The British economy is slowing. There. I have said it. After repeatedly writing upbeat pieces for CapX to counter the doom and gloom mongers in the last two years, the facts are changing and so is my mind.
I would go further and say that the weakness of the economy, much of it Brexit-related, is going to put the skids under the tedious stasis which passes for political activity in Westminster these days. Voters are going to be cross.
Extreme Remainers and Brexiteers in Parliament better watch out in case they get the blame. And horror of horrors, Jeremy Corbyn’s claim that there is something fundamentally wrong with the way the economy is managed might yet land on fertile ground.
In the first quarter of the year, the initial estimate from the Office for National Statistics (ONS) found that the UK economy grew by a paltry 0.1 per cent, mostly due to a downturn in construction, though there was weakness across the board.
It is only the first estimate, so will almost certainly be revised upwards and anyway construction will pick up with the better weather. But even so, that is a long way short of the 0.5-0.8 per cent a quarter we frankly should be growing at if the economy was to be fulfilling its potential.
The picture is even worse when you look at GDP per capita, which actually fell by 0.1 per cent in the first quarter. This is especially disappointing when you consider that the world economy is barrelling along, with world trade growth actually accelerating for the first time since the financial crisis.
According to the Sunday Times, the Bank of England is going to respond by cutting its own growth forecast for the year from 1.9 per cent to 1.5 per cent.
Behind the headline numbers there is more cause for concern. Consumers have been borrowing to sustain their lifestyles in the last year or so, but there are signs that they are exhausting their credit appetites or limits. Credit card borrowing actually went backwards in March and in the corporate sector there are constant reports that marginal borrowers, such as cranky old retailers, are going bust.
The Government’s mismanagement of the housing market is also starting to reveal itself. Its Help to Buy scheme has encouraged more than 100,000 first time buyers to acquire homes with a tiny 5 per cent deposit, accompanied by an equity loan of up to 40 per cent from a quango called Homes England.
The equity loan carries no interest for the initial five years, and thereafter it charges a fee of 1.75 per cent, rising by RPI plus 1 per cent per year. The first cohort going through the system, who bought their homes in 2013, are now paying these fees while at the same time the Government is trying to sell the loan book to private investors.
There is one big problem. Help to Buy artificially inflated the price of homes and now prices are slipping in some parts of the country, notably London, where the ONS says they fell 1 per cent last month. If a house price correction gathers pace, those little stubs of equity could be wiped out or dented. The proper response ought to be for Help to Buyers to refinance. But how can they do that if house prices are dropping and they have negative equity? No wonder consumers are feeling the strain.
In further news to cheer us all up, Donald Trump’s row with Iran has elevated the oil price to $77 a barrel at the time of writing, a four-year high. I went past a petrol pump showing 130p a litre for the first time in ages this week. Rising petrol prices will, I am afraid, cause another jump in inflation. Let’s hope Iran sees sense and comes to a deal with the American president soon.

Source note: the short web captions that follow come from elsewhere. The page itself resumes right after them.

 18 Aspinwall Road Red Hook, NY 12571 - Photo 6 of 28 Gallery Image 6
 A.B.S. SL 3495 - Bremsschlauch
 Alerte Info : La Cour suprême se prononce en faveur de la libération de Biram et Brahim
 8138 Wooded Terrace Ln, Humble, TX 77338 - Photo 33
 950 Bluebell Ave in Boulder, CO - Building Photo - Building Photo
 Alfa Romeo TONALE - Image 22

What are the causes of this British economic malaise? Leaving aside the policy missteps by the Government, notably in loading up millennials with crippling debts via high-interest student and housing loans, it doesn’t take a genius to work it out: Brexit.

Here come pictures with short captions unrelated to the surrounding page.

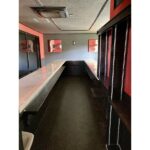 名古屋市北区楠味鋺３丁目 【賃貸事業】店舗(建全部) 画像13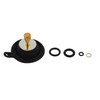 Carburetor Rebuild Repair Kit Engine with Carb Overhaul Kit with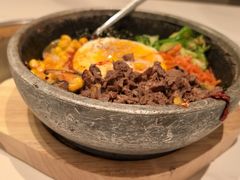 -七八冷面·延边朝鲜族美食(世纪汇店)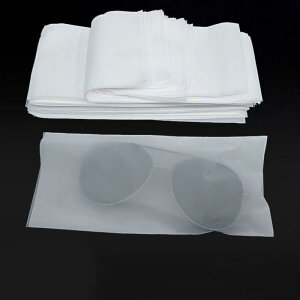 Kl TOX ی В  _炩 h~ 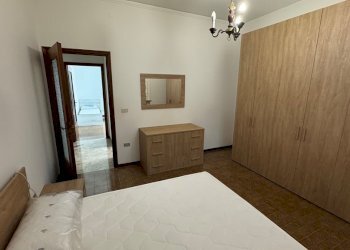 IMG_E4218.JPG - Apartment via san martino 28, Medesano - photo 19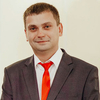 Денис, 32, г.Губкин Денис, 32, г.Губкин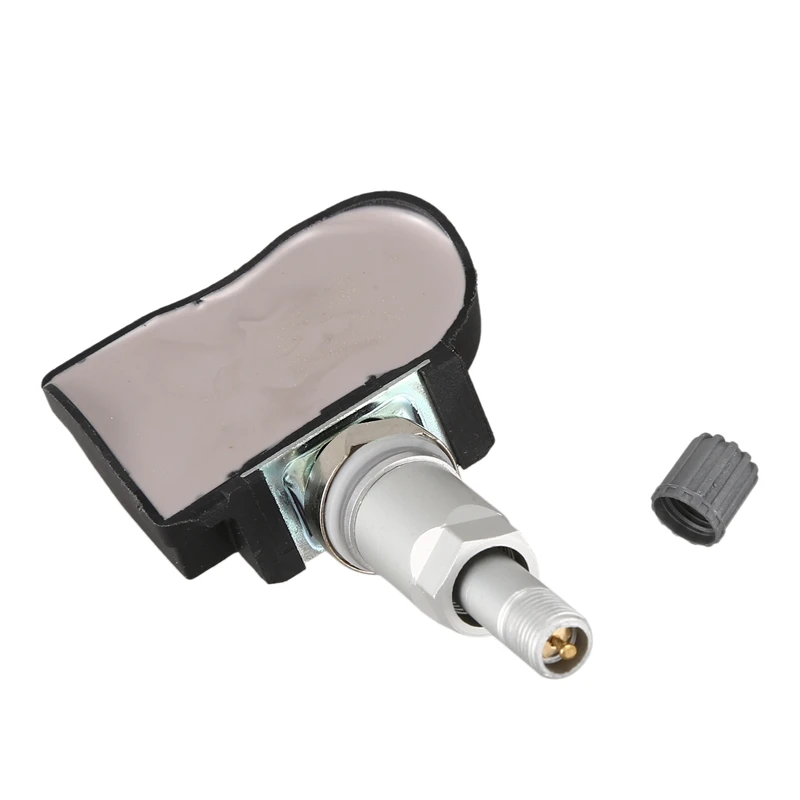1 комплект из 4 шт. для Nissan Infiniti OEM TPMS датчики давления в шинах 40700-3JA0B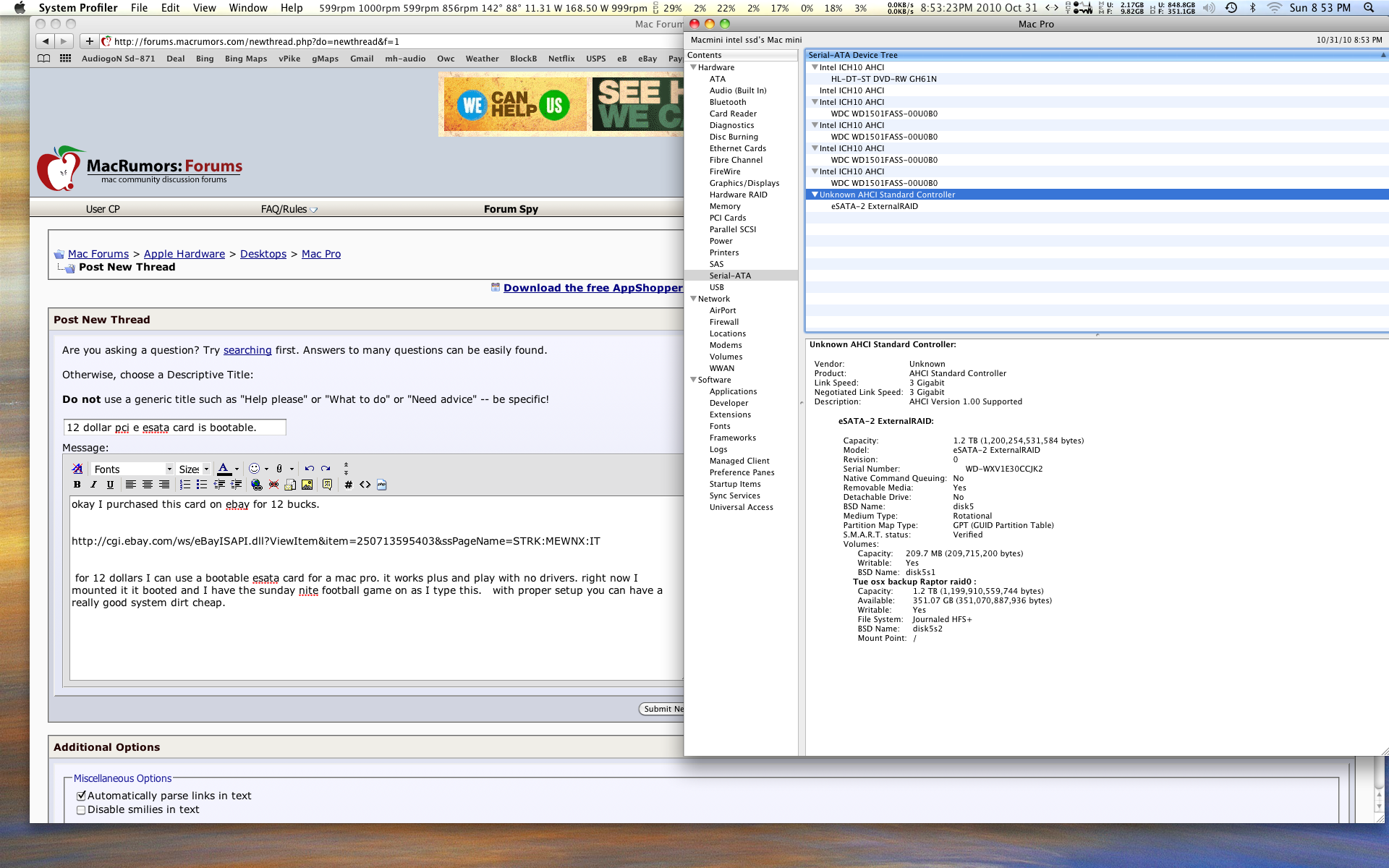 Screen shot 2010-10-31 at 8.53.24 PM.png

I don’t just mean the referendum itself, which was bound to create short-term volatility and weakness in the pound as the exchange rate adjusted to the uncertainty. What I am talking about is the irresponsible infighting in Westminster, both in Parliament and the Cabinet. Plainly, Brexit presents both risks and opportunities, but we cannot mitigate the risks or take the opportunities, and markets and businesses cannot adjust, if we do not know what sort of Brexit we are going to have or when we are going to have it.
On the one hand we have the extreme Remainers, evidently delighting in their ability to trip up the Government. Like Lenin, they believe “the worse, the better.” On the other, we have extreme Brexiteers, seemingly incapable of conceding that Brexit contains any sort of risks whatsoever. In the middle sit Number 10 and the Treasury, so paralysed by the process that they are apparently incapable of undertaking any meaningful economic reform.

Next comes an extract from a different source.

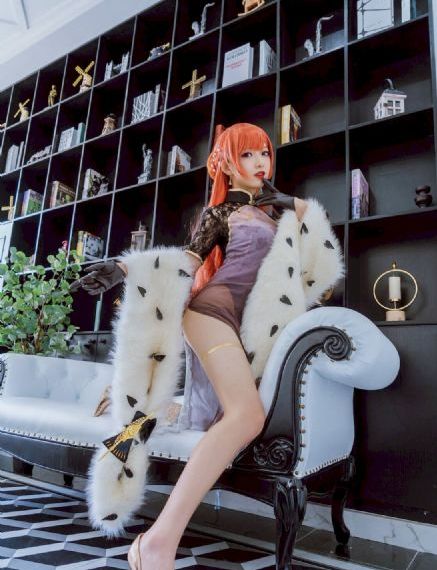 欧美透明高跟凉鞋_BD日韩免费观看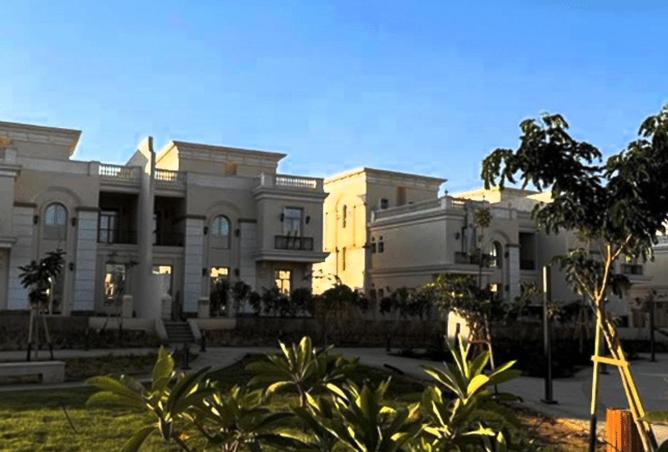 59240133 - الصورة الرئيسية للعقار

As a consequence, whatever your point of view, there is an undeniable opportunity cost to Brexit of deferred economic growth as business decisions are delayed. Like the voters, international investors watch the spectacle of Westminster with increasing alarm. A recent survey of fund managers found that the FTSE 100 – which has underperformed other developed markets in recent years – was the least attractive global asset class.
The shunning of UK-quoted companies is also reflected in the foreign direct investment numbers, published by the OECD last week, which showed a dramatic 90 per cent drop in investment in the UK to only £15.1bn last year.
It does not need to be like this. We should be exploiting low interest rates and our deep capital markets to finance an investment boom and, like it or loathe it, Brexit should be a catalyst for urgent economic reform. Sadly, those squabbling in Westminster either do not know what damage they are doing or do know and don’t care.